Microglia Activity in the Brain Drives Infantile Amnesia in Young Mice

Infantile amnesia— the inability to recall early life events—has long puzzled neuroscientists. Recent work from Trinity College Dublin adds a cellular dimension to this mystery by implicating microglia, the brain’s resident immune cells, in the systematic erasure of early memories. In altricial species such as mice and humans, rapid synaptic remodeling during the first weeks of life is essential for adaptive development. Microglia, through pruning and cytokine signaling, appear to fine‑tune neural circuits in the dentate gyrus and amygdala, effectively setting a developmental “forgetting” threshold that distinguishes them from precocial mammals, which retain early memories.

The research team employed receptor‑specific inhibitors to dampen microglial activity in post‑natal mice and then tested recall of a fear‑conditioning paradigm. Mice with reduced microglial function displayed markedly stronger retention, accompanied by heightened calcium signaling in identified engram cells. This functional readout suggests that microglia normally suppress engram activation, thereby promoting the loss of episodic traces. By restoring normal microglial signaling, the investigators could re‑induce infantile amnesia, confirming a causal link between immune cell activity and memory decay.

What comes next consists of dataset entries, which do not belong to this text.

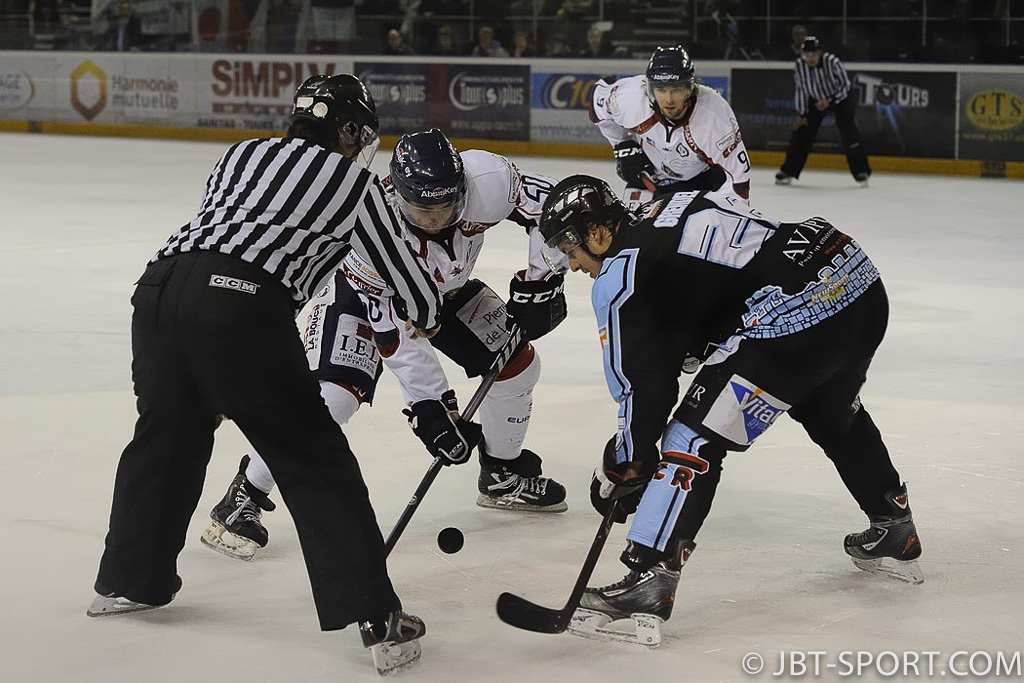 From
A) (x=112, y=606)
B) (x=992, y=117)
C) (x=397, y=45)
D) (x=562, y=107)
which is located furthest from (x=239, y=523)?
(x=397, y=45)

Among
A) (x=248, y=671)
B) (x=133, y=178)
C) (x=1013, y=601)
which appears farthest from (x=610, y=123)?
(x=133, y=178)

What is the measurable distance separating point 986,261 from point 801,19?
600 centimetres

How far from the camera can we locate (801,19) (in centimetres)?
1352

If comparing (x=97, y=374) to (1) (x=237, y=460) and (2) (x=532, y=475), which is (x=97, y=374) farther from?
(2) (x=532, y=475)

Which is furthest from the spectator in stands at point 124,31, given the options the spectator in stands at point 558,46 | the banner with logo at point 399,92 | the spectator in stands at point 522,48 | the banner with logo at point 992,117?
the banner with logo at point 992,117

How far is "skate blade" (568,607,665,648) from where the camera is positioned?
301 centimetres

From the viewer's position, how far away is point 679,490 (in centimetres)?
299

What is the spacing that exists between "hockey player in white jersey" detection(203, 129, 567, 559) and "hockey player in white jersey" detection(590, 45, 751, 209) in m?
2.19

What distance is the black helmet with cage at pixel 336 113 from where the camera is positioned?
120 inches

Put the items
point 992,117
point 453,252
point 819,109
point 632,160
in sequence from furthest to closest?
point 992,117 < point 819,109 < point 632,160 < point 453,252

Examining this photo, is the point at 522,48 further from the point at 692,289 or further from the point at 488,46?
the point at 692,289

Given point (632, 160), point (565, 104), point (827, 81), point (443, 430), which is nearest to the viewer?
point (443, 430)

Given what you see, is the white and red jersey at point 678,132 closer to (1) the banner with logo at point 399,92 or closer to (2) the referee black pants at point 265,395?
(2) the referee black pants at point 265,395

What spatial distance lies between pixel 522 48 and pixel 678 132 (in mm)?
8682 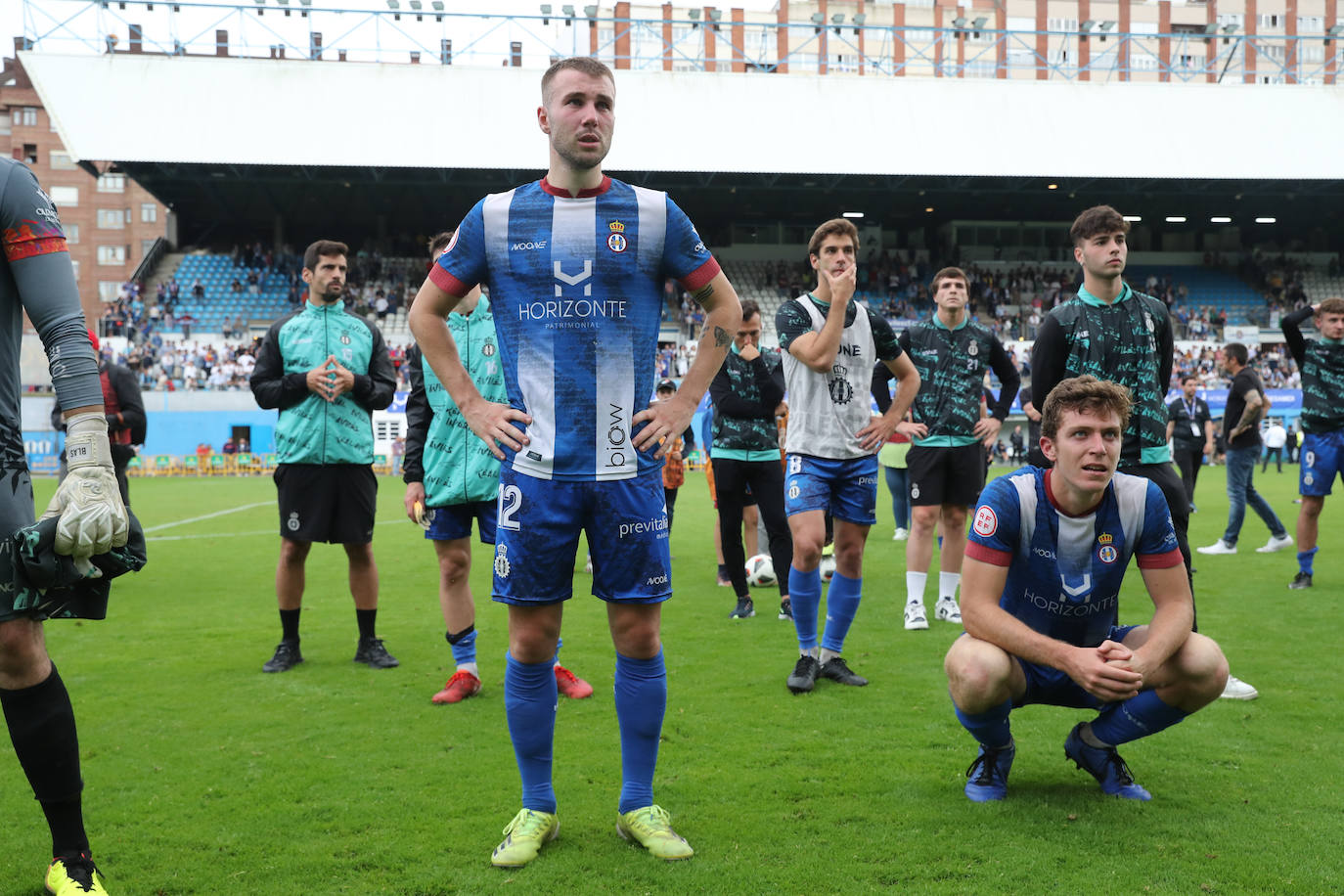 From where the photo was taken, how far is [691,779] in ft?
13.5

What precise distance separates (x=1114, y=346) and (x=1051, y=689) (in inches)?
67.7

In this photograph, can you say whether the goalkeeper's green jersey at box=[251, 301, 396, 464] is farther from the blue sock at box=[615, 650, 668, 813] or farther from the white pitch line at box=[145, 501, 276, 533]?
the white pitch line at box=[145, 501, 276, 533]

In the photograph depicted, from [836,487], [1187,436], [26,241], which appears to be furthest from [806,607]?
[1187,436]

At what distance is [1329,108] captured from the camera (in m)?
36.8

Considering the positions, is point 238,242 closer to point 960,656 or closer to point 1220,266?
point 1220,266

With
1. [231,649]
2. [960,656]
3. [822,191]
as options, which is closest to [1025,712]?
[960,656]

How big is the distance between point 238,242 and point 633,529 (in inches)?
1920

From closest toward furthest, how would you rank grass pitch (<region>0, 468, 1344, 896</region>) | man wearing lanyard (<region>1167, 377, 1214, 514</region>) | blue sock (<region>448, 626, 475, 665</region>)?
grass pitch (<region>0, 468, 1344, 896</region>) < blue sock (<region>448, 626, 475, 665</region>) < man wearing lanyard (<region>1167, 377, 1214, 514</region>)

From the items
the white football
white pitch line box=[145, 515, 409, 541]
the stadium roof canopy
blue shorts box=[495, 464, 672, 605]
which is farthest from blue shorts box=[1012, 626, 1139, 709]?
the stadium roof canopy

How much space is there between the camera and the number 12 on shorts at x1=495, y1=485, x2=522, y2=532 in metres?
3.42

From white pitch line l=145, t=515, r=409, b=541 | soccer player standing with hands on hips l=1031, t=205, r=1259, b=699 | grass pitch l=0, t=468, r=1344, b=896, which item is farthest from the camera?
white pitch line l=145, t=515, r=409, b=541

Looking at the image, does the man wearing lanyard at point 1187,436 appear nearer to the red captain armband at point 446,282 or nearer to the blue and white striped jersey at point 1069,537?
the blue and white striped jersey at point 1069,537

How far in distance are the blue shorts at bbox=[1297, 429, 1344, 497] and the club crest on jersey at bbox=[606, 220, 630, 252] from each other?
712 centimetres

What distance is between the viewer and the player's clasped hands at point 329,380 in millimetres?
5840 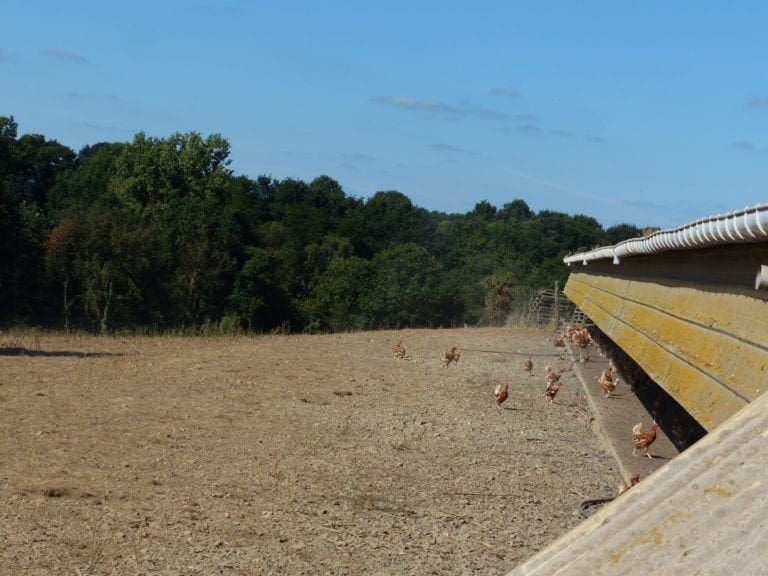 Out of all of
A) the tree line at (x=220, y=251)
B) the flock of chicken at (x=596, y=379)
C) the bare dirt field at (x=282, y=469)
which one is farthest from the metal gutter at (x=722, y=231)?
the tree line at (x=220, y=251)

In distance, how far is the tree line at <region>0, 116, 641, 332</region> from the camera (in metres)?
38.8

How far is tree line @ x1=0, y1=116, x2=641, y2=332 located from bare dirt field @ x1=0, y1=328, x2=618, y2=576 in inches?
616

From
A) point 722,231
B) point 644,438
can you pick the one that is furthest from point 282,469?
point 722,231

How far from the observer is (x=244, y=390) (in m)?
13.4

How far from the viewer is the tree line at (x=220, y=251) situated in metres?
38.8

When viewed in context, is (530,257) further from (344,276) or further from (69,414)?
(69,414)

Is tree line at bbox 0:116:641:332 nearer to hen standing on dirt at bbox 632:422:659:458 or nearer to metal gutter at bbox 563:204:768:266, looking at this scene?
hen standing on dirt at bbox 632:422:659:458

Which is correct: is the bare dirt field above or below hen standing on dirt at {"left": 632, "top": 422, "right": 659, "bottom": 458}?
below

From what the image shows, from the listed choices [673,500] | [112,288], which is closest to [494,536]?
[673,500]

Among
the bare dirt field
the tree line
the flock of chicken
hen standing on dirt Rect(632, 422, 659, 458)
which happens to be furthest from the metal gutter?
the tree line

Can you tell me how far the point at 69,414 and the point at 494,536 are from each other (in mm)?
5989

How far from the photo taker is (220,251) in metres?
44.4

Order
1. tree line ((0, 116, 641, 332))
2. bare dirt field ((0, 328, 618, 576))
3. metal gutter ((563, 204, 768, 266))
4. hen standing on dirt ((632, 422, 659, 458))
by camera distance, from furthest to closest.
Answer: tree line ((0, 116, 641, 332))
hen standing on dirt ((632, 422, 659, 458))
bare dirt field ((0, 328, 618, 576))
metal gutter ((563, 204, 768, 266))

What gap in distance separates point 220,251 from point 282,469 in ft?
120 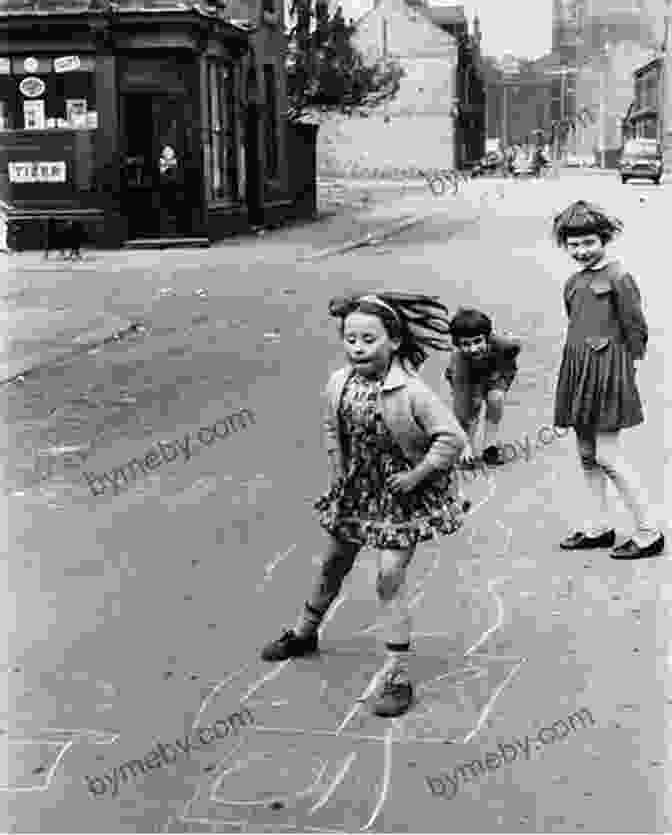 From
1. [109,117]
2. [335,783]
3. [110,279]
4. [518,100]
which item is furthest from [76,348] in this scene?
[518,100]

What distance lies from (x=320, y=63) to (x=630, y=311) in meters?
32.6

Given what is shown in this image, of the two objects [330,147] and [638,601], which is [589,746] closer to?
[638,601]

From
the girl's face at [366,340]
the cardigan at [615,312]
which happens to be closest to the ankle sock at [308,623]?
the girl's face at [366,340]

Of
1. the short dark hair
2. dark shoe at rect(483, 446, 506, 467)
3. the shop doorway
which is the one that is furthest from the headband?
the shop doorway

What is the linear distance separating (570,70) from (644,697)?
130 meters

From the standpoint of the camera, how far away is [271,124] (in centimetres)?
3222

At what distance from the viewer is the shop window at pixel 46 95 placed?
2459 centimetres

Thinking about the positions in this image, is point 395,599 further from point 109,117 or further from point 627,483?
point 109,117

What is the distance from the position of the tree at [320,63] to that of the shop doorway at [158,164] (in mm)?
11441

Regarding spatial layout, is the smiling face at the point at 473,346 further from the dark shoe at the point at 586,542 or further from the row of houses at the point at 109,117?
the row of houses at the point at 109,117

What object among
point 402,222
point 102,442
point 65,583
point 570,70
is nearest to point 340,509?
point 65,583

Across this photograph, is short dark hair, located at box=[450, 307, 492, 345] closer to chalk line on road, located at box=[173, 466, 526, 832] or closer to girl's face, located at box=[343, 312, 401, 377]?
chalk line on road, located at box=[173, 466, 526, 832]

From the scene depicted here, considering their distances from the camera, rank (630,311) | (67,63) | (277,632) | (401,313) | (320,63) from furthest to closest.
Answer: (320,63) → (67,63) → (630,311) → (277,632) → (401,313)

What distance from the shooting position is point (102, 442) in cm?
928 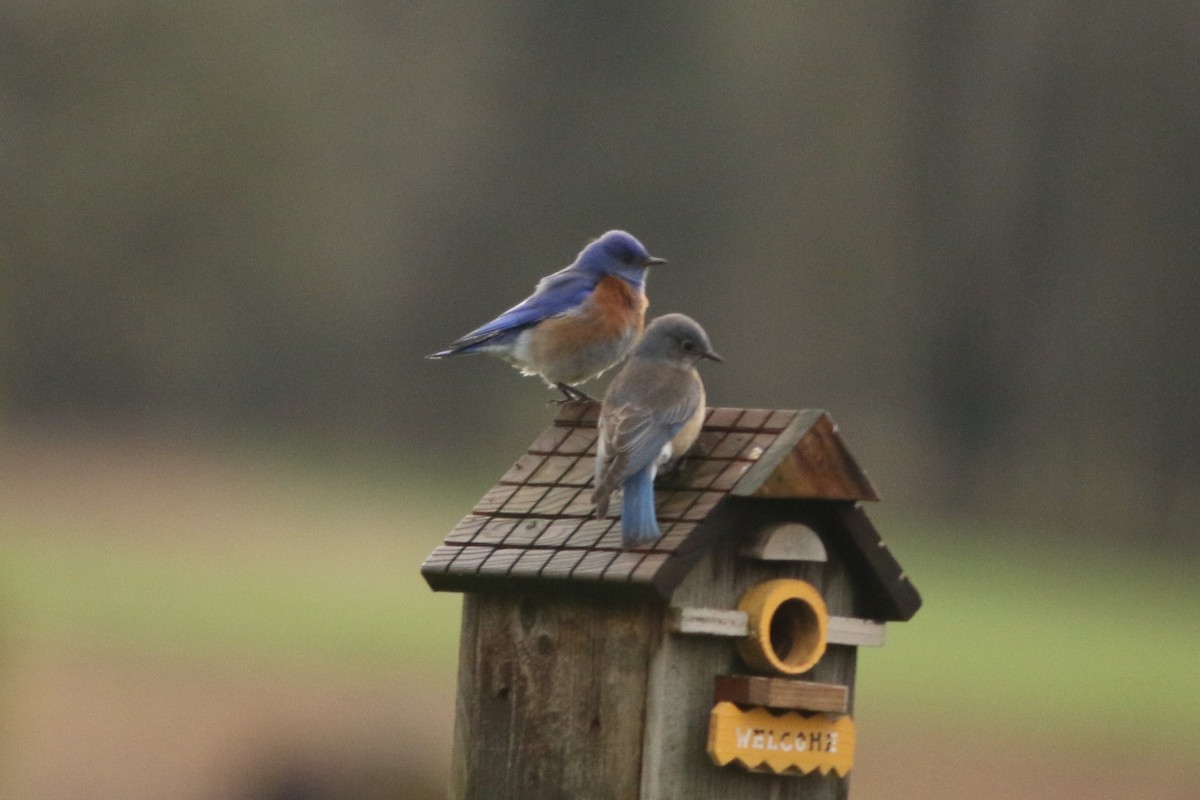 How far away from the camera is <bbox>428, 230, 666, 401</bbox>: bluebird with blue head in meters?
7.01

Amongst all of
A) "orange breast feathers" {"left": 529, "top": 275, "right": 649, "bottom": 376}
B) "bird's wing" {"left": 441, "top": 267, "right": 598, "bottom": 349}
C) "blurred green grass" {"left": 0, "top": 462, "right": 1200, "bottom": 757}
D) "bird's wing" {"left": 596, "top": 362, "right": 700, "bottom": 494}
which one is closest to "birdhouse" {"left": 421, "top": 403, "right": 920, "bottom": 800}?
"bird's wing" {"left": 596, "top": 362, "right": 700, "bottom": 494}

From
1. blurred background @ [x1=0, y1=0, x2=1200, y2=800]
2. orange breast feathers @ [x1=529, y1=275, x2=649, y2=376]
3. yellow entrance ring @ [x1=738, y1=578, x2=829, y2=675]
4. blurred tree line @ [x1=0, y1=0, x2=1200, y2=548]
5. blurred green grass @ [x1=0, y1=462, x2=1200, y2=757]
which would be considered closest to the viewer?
yellow entrance ring @ [x1=738, y1=578, x2=829, y2=675]

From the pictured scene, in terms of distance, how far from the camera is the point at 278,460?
2923 cm

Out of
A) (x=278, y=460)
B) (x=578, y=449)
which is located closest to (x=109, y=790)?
(x=578, y=449)

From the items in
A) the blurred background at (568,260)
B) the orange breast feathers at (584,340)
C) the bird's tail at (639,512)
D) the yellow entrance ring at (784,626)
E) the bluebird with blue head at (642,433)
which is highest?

Beyond basic science, these findings reshape how we view forgetting: not merely a flaw, but a regulated feature of brain development. If microglial dysregulation contributes to atypical memory trajectories, it could underlie certain neurodevelopmental disorders where early‑life memories are either abnormally retained or excessively lost. Targeting microglial pathways may eventually enable clinicians to modulate memory retention in pediatric populations, offering novel strategies for conditions such as autism spectrum disorder or early‑onset schizophrenia where memory processing is disrupted.